8. De rechtbank veroordeelt verweerder in de door eisers gemaakte proceskosten. Deze kosten stelt de rechtbank op grond van het Besluit proceskosten bestuursrecht voor de door een derde beroepsmatig verleende rechtsbijstand vast op € 1.068,- (1 punt voor het indienen van het beroepschrift en 1 punt voor het verschijnen ter zitting, met een waarde per punt van € 534,- en wegingsfactor 1). Ook moet verweerder het door eisers betaalde griffierecht aan hun vergoeden.

Beslissing

De rechtbank:
- verklaart het beroep voor zover gericht tegen het besluit van 4 april 2019 niet-ontvankelijk;
- verklaart het beroep voor zover gericht tegen het besluit van 28 april 2020 gegrond;
- vernietigt dat besluit;
- draagt verweerder op een nieuw besluit op het bezwaar te nemen met inachtneming van deze uitspraak;
- veroordeelt verweerder in de proceskosten van eisers tot een bedrag van € 1.068,-;
- draagt verweerder op het betaalde griffierecht van € 174,- aan eisers te vergoeden.
Deze uitspraak is gedaan door mr. G.A. van der Straaten, rechter, in aanwezigheid van mr. E. Özel, griffier.
De beslissing is in het openbaar uitgesproken op: 9 juni 2021.
griffier
rechter
Afschrift verzonden aan partijen op:
Rechtsmiddel
Tegen deze uitspraak kan hoger beroep worden ingesteld bij de Afdeling bestuursrechtspraak van de Raad van State binnen vier weken na de dag van verzending van deze uitspraak of na de dag van plaatsing daarvan in het digitale dossier.

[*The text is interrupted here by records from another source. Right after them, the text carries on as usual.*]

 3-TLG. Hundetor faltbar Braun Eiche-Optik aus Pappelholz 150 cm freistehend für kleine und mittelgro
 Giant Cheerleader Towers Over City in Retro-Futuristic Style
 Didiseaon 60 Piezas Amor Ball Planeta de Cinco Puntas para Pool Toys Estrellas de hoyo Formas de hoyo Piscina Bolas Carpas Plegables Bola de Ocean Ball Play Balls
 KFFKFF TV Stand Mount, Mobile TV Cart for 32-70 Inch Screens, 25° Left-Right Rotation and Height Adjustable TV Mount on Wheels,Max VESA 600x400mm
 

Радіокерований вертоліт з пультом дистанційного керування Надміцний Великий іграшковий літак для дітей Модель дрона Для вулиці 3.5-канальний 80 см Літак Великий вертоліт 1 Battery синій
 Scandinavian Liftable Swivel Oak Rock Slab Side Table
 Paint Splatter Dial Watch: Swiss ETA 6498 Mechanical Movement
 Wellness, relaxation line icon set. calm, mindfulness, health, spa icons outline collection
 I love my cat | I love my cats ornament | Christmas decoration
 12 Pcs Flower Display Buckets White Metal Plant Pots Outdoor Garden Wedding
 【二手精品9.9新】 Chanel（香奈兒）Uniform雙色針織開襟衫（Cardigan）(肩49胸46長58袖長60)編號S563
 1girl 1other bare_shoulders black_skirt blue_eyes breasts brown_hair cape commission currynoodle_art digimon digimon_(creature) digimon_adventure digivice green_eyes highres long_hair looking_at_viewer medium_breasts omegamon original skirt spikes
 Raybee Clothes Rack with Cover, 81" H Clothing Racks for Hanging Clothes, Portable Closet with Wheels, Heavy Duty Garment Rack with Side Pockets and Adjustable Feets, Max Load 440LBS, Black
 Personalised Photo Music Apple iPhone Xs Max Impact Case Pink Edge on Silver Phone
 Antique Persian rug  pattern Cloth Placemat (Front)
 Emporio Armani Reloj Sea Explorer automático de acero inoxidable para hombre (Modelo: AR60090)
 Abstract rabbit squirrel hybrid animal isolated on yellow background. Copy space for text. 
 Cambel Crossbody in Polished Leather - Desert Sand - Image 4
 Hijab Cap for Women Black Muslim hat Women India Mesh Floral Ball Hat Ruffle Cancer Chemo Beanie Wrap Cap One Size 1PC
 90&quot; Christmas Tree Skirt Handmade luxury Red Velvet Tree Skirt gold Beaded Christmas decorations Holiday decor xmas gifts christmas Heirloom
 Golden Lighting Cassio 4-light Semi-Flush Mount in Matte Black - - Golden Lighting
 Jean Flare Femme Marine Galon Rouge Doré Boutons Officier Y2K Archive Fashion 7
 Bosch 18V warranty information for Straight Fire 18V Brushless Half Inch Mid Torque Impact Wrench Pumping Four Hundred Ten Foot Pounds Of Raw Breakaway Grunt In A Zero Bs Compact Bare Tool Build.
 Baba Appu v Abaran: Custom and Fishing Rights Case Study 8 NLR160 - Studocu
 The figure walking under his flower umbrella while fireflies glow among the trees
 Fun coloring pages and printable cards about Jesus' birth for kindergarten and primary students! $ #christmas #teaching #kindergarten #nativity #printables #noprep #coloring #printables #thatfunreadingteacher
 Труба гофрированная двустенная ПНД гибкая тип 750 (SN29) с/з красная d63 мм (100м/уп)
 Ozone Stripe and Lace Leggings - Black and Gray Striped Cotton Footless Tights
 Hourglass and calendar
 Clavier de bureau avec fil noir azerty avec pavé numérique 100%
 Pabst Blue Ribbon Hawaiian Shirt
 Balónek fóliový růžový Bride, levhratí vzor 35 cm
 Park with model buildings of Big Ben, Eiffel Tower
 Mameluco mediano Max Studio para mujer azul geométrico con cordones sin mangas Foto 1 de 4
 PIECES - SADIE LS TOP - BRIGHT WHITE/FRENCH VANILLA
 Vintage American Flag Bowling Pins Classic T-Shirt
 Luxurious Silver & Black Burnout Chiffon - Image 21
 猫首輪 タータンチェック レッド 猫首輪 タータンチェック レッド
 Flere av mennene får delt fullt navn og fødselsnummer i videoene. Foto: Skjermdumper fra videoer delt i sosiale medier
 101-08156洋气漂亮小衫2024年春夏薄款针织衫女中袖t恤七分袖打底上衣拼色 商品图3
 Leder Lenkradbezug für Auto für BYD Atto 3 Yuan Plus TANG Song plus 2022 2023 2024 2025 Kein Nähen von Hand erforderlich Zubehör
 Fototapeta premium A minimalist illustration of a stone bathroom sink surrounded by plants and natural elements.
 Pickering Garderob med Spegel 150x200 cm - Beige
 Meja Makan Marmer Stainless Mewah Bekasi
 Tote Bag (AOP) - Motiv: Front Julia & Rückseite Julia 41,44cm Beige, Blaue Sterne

Als hoger beroep is ingesteld, kan bij de voorzieningenrechter van de hogerberoepsrechter worden verzocht om het treffen van een voorlopige voorziening of om het opheffen of wijzigen van een bij deze uitspraak getroffen voorlopige voorziening.

Voetnoten

1.Zaaknummer: AWB 18/9603 (niet gepubliceerd).
2.ABRvS 22 januari 2020, 201903103/1/V2 (niet gepubliceerd).
3.Het arrest van het Hof van Justitie van 13 maart 2019, ECLI:EU:C:2019:192.
4.ABRvS 12 december 2019, ECLI:NL:RVS:2019:4201.